Ao analisar o recurso interposto pelo Estado do RS, a presidente do TRF entendeu que há no caso risco indiscutível de grave lesão à ordem pública e à segurança jurídica. A desembargadora Silvia ressaltou em sua decisão que somente é exigível licenciamento ambiental federal quando presente impacto de âmbito nacional ou regional. “A silvicultura, no RS, sempre foi tratada no âmbito fiscalizatório estadual, inclusive manifestando-se o Ibama, expressamente, pela sua incompetência para licenciar silvicultura”, salientou.
SUSPENSÃO DE EXECUÇÃO DE LIMINAR Nº 2007.04.00.040022-7/RS
RELATORA : Des.

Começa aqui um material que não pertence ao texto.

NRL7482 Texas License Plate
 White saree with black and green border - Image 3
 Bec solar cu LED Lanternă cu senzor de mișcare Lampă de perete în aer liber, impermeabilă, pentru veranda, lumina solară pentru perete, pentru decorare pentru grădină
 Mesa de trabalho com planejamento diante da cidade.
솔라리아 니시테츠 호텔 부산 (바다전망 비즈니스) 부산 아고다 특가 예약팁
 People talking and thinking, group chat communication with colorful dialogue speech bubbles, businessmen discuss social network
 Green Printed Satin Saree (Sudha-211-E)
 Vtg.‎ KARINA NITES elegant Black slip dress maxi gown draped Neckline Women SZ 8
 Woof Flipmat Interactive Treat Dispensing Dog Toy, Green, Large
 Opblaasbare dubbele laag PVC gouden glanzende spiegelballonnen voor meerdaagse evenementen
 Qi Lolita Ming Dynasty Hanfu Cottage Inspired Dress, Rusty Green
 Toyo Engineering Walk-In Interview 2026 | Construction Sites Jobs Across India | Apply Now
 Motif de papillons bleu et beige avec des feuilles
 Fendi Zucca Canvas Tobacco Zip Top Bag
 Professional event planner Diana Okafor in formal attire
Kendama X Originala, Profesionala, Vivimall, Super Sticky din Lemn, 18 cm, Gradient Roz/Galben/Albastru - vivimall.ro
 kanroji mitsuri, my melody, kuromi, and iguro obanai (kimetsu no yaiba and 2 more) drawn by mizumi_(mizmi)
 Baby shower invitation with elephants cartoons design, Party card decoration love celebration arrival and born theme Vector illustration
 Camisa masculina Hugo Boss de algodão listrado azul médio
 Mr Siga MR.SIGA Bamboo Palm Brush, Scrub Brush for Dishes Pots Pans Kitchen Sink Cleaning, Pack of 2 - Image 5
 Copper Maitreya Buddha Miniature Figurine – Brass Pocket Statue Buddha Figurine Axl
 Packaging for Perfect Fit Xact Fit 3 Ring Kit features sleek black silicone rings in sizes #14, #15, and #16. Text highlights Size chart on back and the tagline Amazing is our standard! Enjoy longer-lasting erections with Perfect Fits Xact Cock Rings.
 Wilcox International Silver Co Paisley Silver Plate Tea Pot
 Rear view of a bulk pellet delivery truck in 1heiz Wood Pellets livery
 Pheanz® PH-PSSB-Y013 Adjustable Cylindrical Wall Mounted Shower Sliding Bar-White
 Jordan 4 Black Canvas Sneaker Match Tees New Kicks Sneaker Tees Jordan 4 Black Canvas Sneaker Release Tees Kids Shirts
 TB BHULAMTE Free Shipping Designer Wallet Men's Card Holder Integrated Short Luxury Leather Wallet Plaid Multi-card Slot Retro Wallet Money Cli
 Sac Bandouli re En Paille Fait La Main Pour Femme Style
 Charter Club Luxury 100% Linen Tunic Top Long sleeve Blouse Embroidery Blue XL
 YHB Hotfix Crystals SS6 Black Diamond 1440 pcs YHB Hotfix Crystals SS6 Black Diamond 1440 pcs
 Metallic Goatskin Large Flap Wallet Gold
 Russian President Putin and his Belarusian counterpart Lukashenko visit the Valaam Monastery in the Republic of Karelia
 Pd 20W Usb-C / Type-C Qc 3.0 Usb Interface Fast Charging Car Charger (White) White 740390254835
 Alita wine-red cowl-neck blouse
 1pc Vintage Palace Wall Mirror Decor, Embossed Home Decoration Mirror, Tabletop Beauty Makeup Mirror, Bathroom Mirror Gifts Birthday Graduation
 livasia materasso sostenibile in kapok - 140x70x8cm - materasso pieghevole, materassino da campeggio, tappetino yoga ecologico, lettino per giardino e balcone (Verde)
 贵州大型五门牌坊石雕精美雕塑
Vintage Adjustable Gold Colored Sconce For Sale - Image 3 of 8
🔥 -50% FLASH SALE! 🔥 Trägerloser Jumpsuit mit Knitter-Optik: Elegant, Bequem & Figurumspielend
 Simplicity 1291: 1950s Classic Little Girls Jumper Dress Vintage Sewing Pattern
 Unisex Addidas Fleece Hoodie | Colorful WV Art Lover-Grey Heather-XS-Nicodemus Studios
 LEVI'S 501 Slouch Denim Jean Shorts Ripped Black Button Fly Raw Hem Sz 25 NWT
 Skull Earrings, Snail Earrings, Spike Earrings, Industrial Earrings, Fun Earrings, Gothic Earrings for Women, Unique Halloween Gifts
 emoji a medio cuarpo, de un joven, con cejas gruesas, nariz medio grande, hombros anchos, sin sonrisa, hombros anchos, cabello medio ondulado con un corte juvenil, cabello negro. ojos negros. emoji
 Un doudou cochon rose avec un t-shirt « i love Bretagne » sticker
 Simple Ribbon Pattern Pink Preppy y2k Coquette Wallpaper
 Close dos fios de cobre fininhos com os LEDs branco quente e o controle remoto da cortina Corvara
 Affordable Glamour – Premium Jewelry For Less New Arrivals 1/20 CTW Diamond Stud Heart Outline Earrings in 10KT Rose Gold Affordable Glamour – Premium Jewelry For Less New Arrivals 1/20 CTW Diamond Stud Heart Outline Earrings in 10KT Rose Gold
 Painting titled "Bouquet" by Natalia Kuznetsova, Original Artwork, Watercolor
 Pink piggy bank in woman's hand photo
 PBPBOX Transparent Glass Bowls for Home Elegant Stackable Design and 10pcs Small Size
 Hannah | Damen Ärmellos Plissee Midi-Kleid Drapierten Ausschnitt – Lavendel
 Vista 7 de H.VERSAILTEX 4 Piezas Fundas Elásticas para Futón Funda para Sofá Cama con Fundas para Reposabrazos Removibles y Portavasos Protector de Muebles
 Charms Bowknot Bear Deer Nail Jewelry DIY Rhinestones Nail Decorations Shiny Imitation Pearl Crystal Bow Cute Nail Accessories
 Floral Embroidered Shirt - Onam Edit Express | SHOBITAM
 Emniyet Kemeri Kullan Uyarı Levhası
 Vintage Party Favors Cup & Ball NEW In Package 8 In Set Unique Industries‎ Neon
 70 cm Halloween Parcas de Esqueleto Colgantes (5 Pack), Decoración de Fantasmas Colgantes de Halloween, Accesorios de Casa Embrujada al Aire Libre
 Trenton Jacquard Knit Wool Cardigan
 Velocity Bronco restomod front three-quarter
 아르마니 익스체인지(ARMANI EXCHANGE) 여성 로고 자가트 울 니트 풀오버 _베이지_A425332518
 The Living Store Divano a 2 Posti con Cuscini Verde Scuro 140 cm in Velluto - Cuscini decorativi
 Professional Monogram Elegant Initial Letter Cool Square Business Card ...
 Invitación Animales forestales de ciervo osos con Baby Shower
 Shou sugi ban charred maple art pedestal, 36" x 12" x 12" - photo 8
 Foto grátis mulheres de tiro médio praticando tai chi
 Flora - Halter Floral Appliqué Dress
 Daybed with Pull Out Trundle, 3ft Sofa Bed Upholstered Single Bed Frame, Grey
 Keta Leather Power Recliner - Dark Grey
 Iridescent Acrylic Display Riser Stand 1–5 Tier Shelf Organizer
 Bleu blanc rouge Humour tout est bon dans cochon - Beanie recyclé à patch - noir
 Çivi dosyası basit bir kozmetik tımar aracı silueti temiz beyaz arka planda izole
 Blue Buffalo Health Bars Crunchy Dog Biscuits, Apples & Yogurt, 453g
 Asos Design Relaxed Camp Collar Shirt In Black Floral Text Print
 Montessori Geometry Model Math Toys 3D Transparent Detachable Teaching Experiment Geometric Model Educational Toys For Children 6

Federal SILVIA MARIA GONÇALVES GORAIEB
REQUERENTE : ESTADO DO RIO GRANDE DO SUL
ADVOGADO : Eliana Soledade Graeff Martins e outro
REQUERIDO : JUÍZO SUBSTITUTO DA VF AMBIENTAL, AGRÁRIA E
RESIDUAL DE PORTO ALEGRE
INTERESSADO : UNIÃO FEDERAL
ADVOGADO : Luis Antonio Alcoba de Freitas
INTERESSADO : INSTITUTO BRASILEIRO DO MEIO AMBIENTE E DOS
RECURSOS NATURAIS RENOVAVEIS - IBAMA
ADVOGADO : Maria Alejandra Riera Bing
INTERESSADO : INSTITUTO CHICO MENDES DE CONSERVAÇÃO DA
BIODIVERSIDADE: FUNDAÇÃO ESTADUAL DE PROTEÇÃO AMBIENTAL HENRIQUE LUÍS ROESSLER - FEPAM
INTERESSADO : STORA ENSO
ADVOGADO : Carolina Altafani de Azevedo
INTERESSADO : VCP - VOTORANTIN CELULOSE E PAPEL
ADVOGADO : Caio Marcio Zogbi Vitoria
INTERESSADO : ARACRUZ CELULOSE S/A
ADVOGADO : Oscar Graca Couto
INTERESSADO : INGÁ - INSTITUTO GAÚCHO DE ESTUDOS AMBIENTAIS e outros
ADVOGADO : Ricardo Athanasio Felinto de Oliveira e outros
DECISÃO
1. Trata-se de pedido de suspensão da execução de liminar parcialmente concedida nos autos da Ação Civil Pública nº 2007.71.00.031307-4 ajuizada contra a União Federal, IBAMA, Estado do Rio Grande do Sul, Instituto Chico Mendes, FEPAM, Stora Enso, VCP - Votorantim Celulose e Papel e Aracruz Celulose S.A. Segundo as autoras da ACP, os órgãos ambientais estaduais estariam licenciando a atividade de silvicultura das empresas rés sem exigir-lhes o cumprimento das normas técnicas necessárias, dispensando o estudo de impacto ambiental (EIA/RIMA) para áreas de plantio inferiores a 500 hectares (cultivo de pinus e outros) e a 1000 hectares (cultivo de eucaliptos), mediante a expedição da Portaria nº 35/07 da Fundação Estadual de Proteção Ambiental - FEPAM. Tal portaria não se coaduna com os termos previstos pela própria FEPAM no Zoneamento Ambiental para a Silvicultura, que estabelece os parâmetros a serem observados para resguardar o meio ambiente do plantio de árvores exóticas destinadas ao abastecimento da indústria (silvicultura).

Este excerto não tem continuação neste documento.